▶ _Exercise aim_:
Would you output all the lines below precisely as they stand, leaving each picture out?
═════ Exercise data
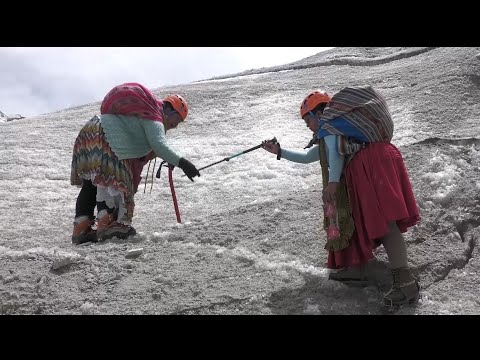 Climate change threatens Bolivian 'cholitas' livelihood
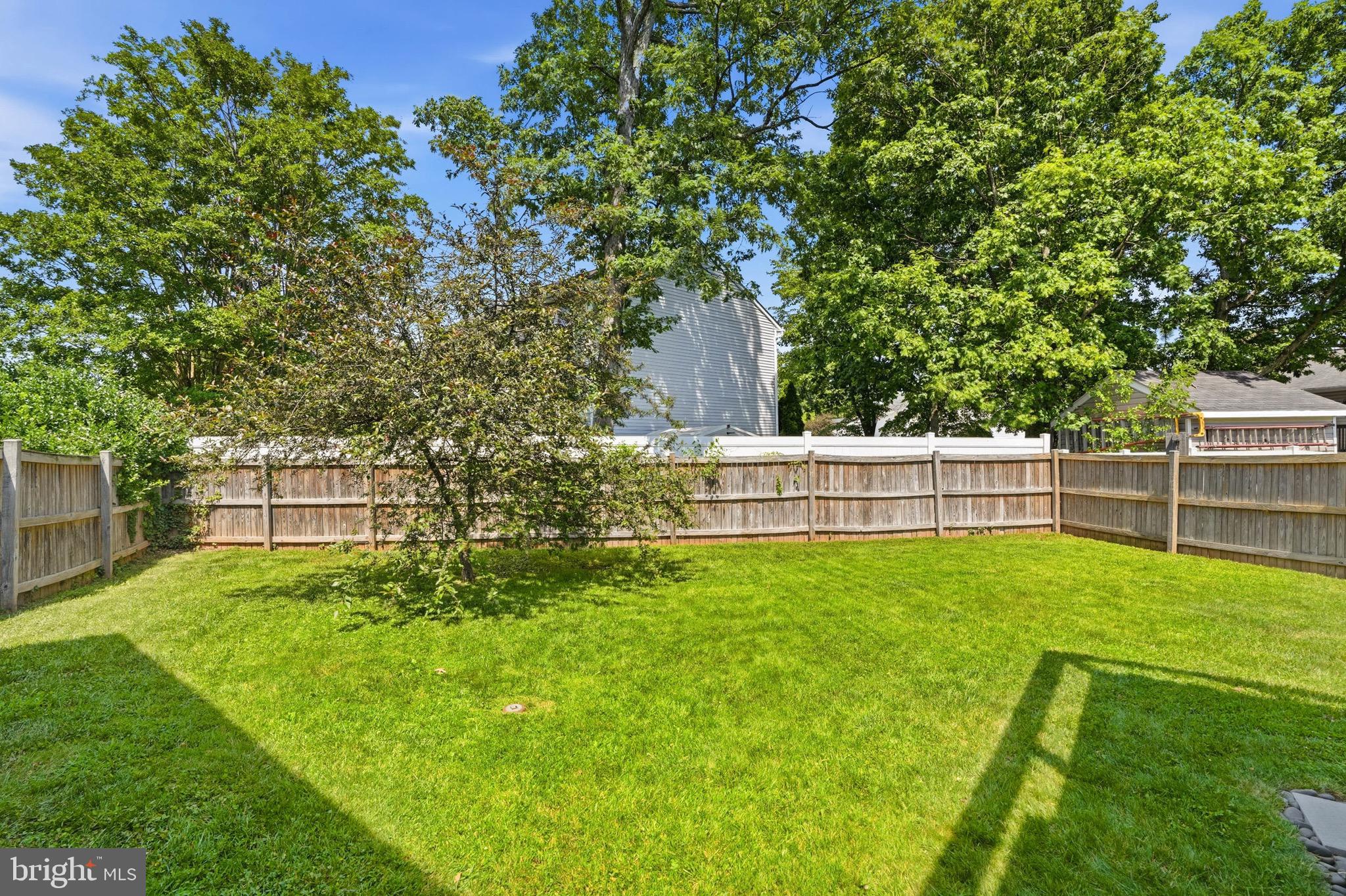 807 OAKWOOD ROAD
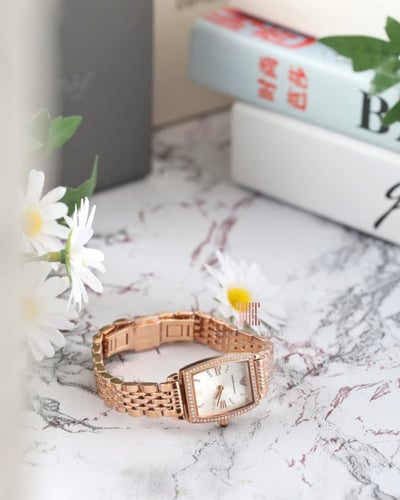 ساعة نسائية كريستال ماركة امبريو ارماني AR11406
══════════
▶ _Task answer_:
 Climate change threatens Bolivian 'cholitas' livelihood
 807 OAKWOOD ROAD
 ساعة نسائية كريستال ماركة امبريو ارماني AR11406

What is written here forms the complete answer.